Input to my workflow is PDF documents from a folder that do not have a standard format. I need to extract order details which is in tabular format in the PDF. Apart from the tabular data the PDF will also contain paragraphs or customer information. I could identify the line where the tabular data starts by extracting line by line data from PDF by splitting the PDF content using environment.NewLine and by using string function.
Question here is how do we extract the tabular data? If i read using OCR, the data gets realignned without retaining the actual position which makes it difficult to split the fields.

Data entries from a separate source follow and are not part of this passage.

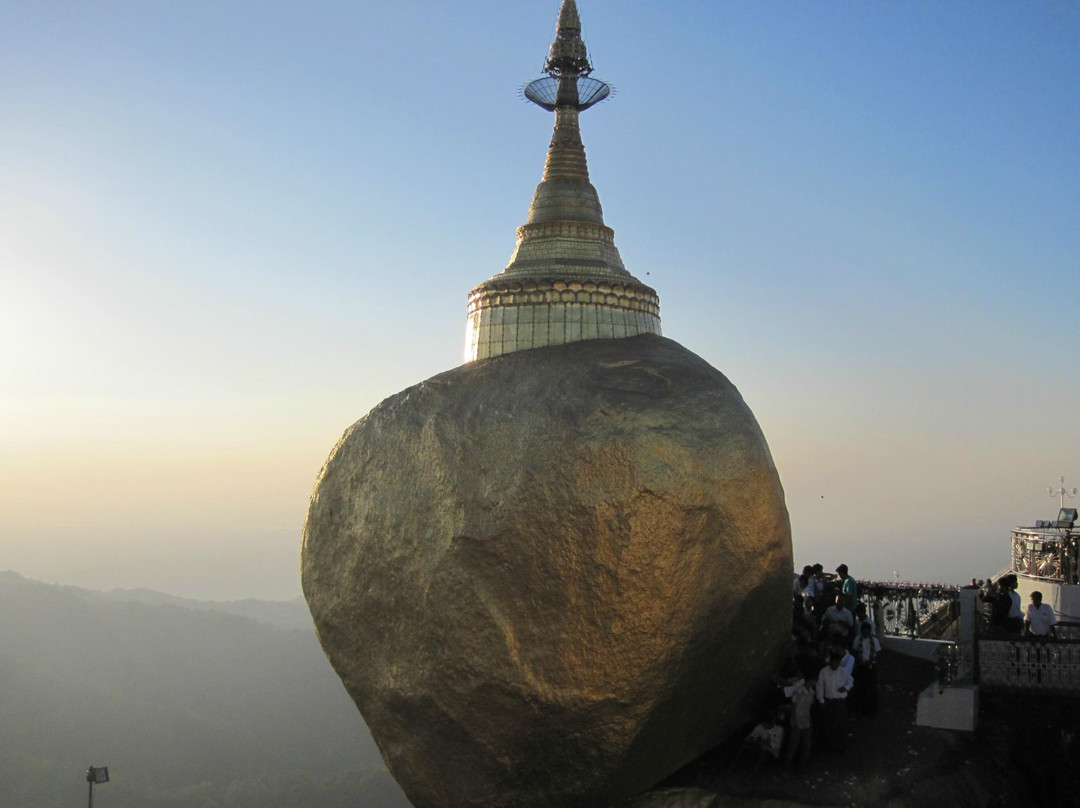 Kyaiktiyo Pagoda-Kin Pun必去景点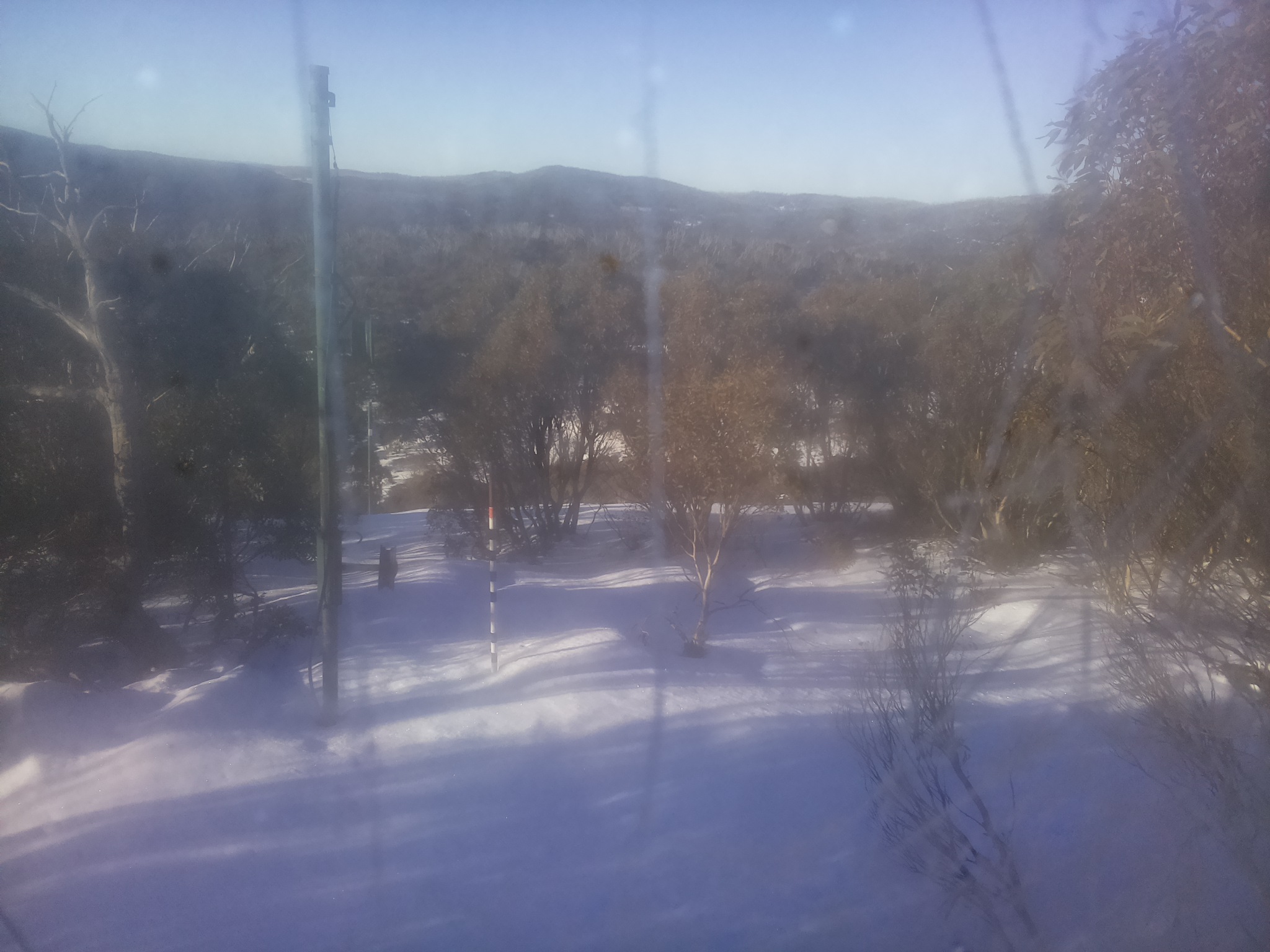 Bogong Web Cam 9:10am Friday 4th of July 2025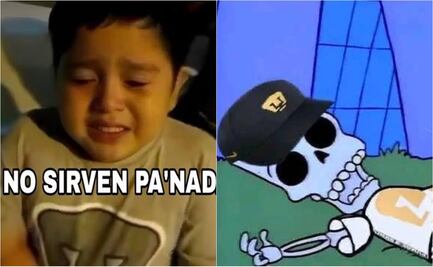 Los mejores MEMES de la derrota de Pumas en la Leagues Cup; los universitarios causaron burlas en redes sociales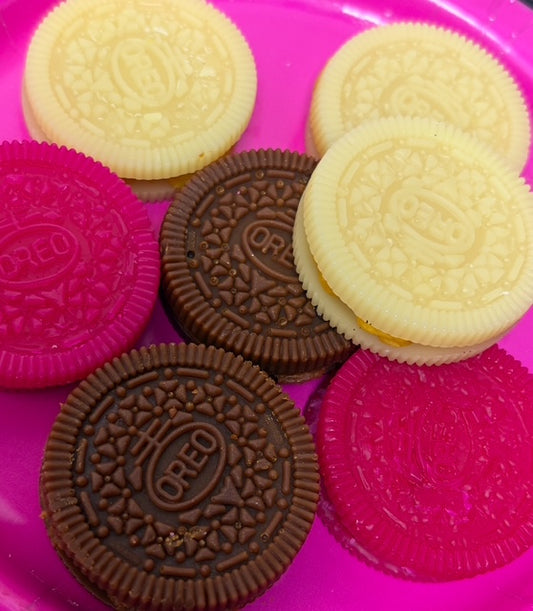Cream filled Wax Melt Cookies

Since the position where the tabular data is present varies for each template, i need to pass the clipping region dynamically and extract structured data based on that. Appreciate your help on this with a simple example.
Oh ok then…
All i think of is either by scraper or read pdf text but the both will return string output and then
You need to make use of indexing and substring to get each item and then pass to excel(optional).
PS: How about Generate Table activity : Generates a DataTable variable from unstructured data .
In CE 2017 edition it is integrated with scraper where user has the option to choose Column separator (space/tab/newline) and newline separator (space/tab/newline) and return the data table as the output.
Two Option
1.Use Read PDF activity and then you have choice to set the PDF page number.(extracting process remains same as mentioned in previous comment.)
2.Else you just have to use PDF shortcut keys (Ctrl+Shift+n or page down) by using SendHotKey Activity and perform Extracting.
This will not work for my scenario. Attaching the samples. The position where the tabular data is present will vary for each format.Sample.pdf (178.0 KB) Sample1.pdf (181.6 KB)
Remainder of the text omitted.